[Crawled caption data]
Start of Block

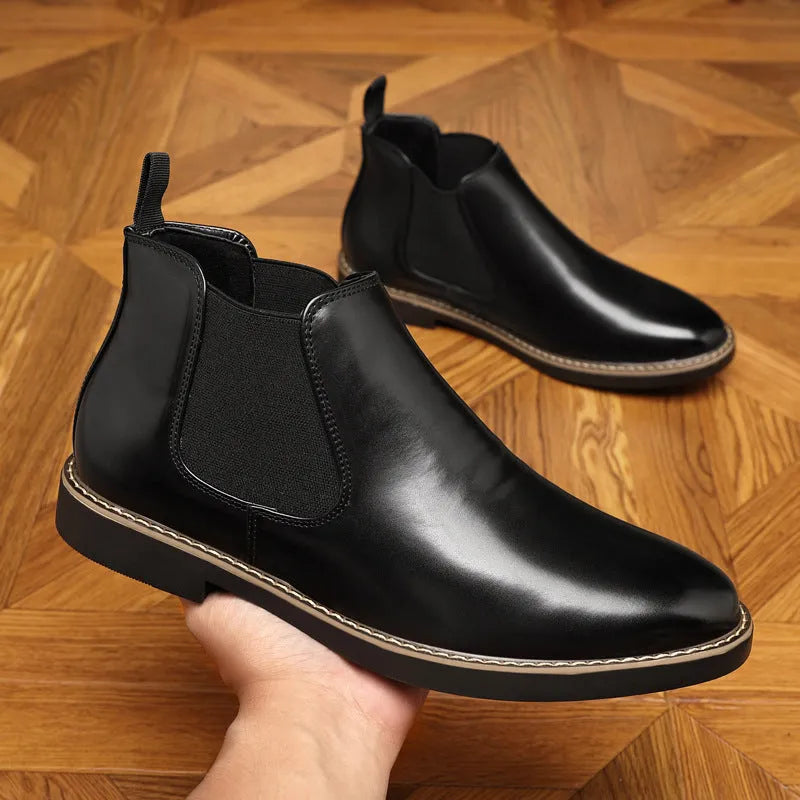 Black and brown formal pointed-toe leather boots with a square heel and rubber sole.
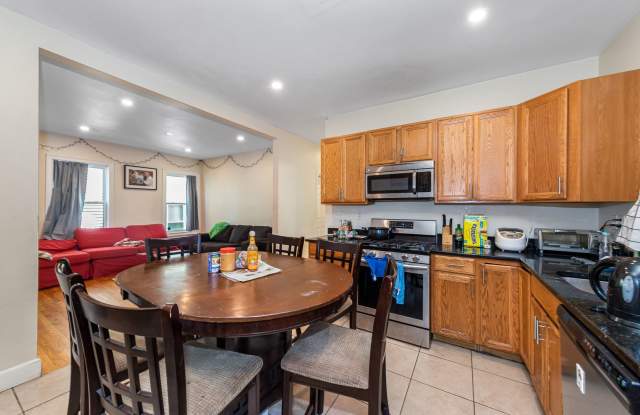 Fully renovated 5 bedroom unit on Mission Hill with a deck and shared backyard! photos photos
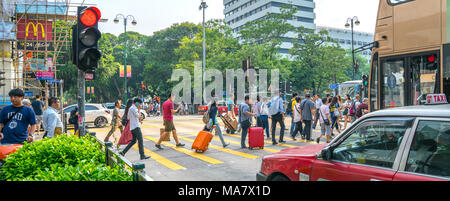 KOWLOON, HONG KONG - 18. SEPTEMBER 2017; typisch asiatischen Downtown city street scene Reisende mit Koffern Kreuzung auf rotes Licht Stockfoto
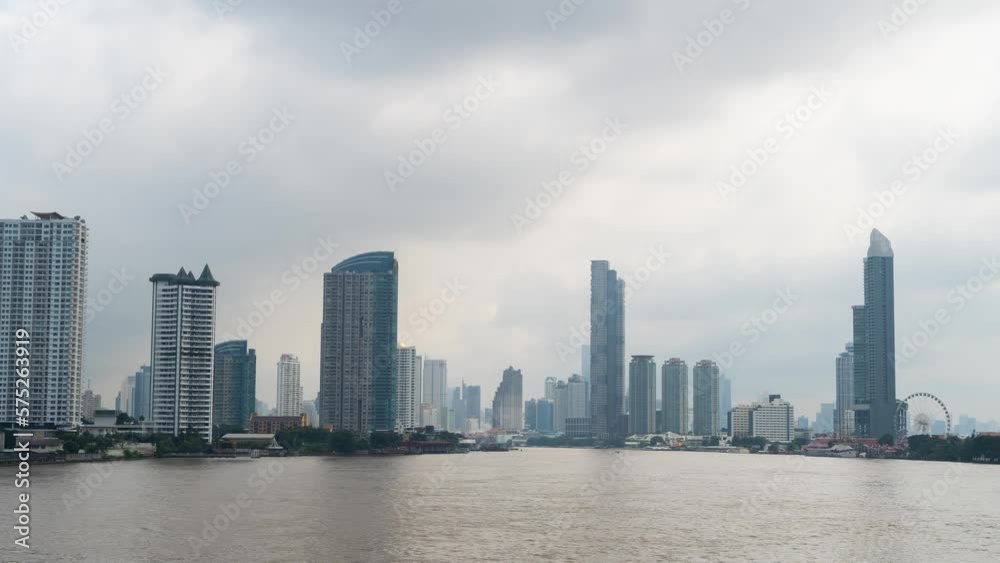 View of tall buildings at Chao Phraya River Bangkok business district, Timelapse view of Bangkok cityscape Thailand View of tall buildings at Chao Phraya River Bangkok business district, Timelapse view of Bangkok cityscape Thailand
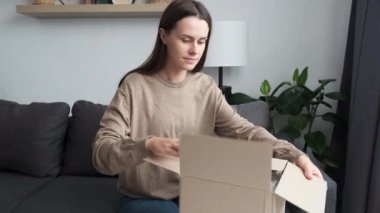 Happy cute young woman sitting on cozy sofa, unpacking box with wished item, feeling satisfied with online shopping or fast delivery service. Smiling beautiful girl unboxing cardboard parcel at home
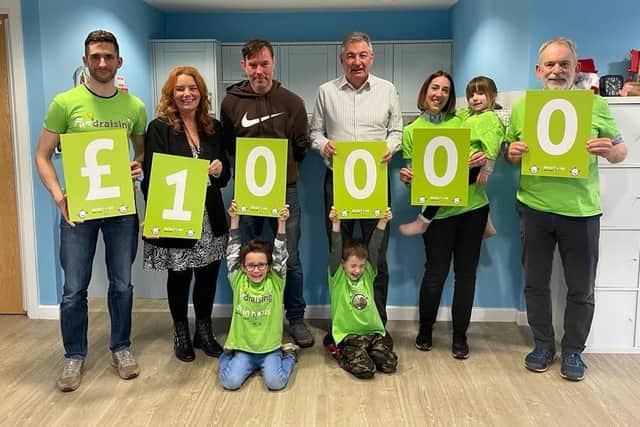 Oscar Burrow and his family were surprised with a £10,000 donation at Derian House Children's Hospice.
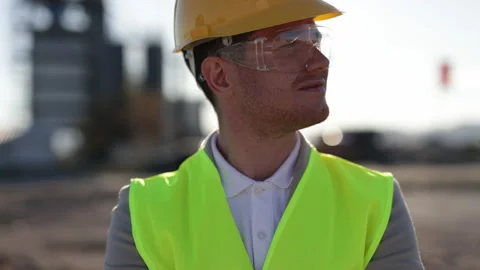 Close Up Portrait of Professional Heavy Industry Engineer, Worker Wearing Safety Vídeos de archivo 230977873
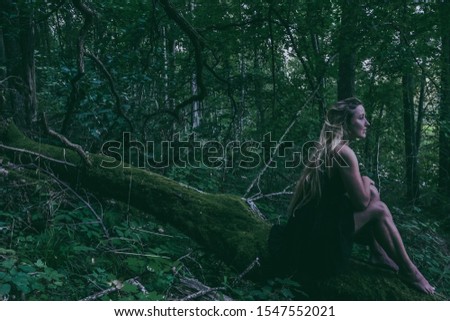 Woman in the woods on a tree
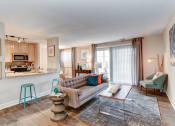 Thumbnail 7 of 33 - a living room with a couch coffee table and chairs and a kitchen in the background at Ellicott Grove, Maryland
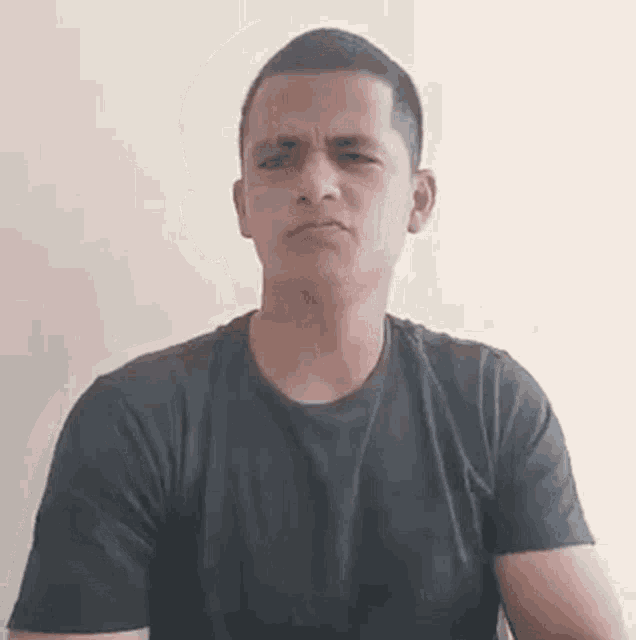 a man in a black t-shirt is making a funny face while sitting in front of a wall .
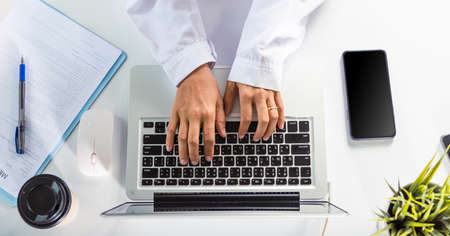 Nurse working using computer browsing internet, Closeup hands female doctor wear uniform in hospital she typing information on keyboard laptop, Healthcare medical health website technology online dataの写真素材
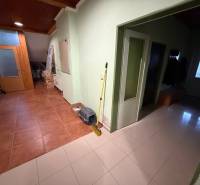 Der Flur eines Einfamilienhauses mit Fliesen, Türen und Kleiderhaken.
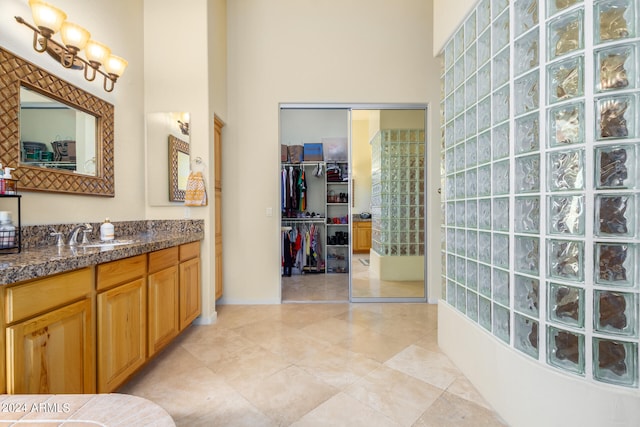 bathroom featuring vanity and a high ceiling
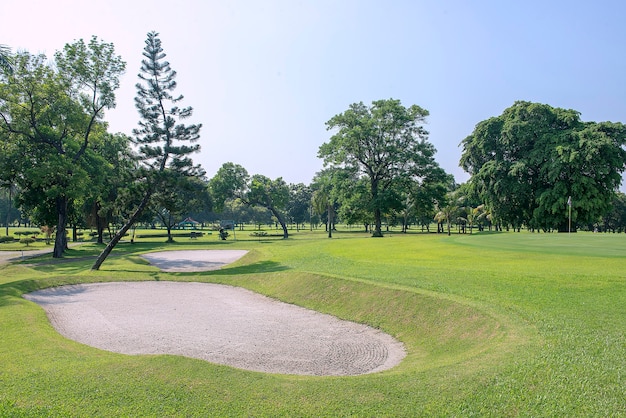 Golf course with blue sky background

End of Block

- Action item: Taking the records above, print only and exactly the lines from the line with "Oscar Burrow and" to the line with "Woman in the woods on a tree", both kept, and exclude pictures.

- Answer box:
 Oscar Burrow and his family were surprised with a £10,000 donation at Derian House Children's Hospice.
 Close Up Portrait of Professional Heavy Industry Engineer, Worker Wearing Safety Vídeos de archivo 230977873
 Woman in the woods on a tree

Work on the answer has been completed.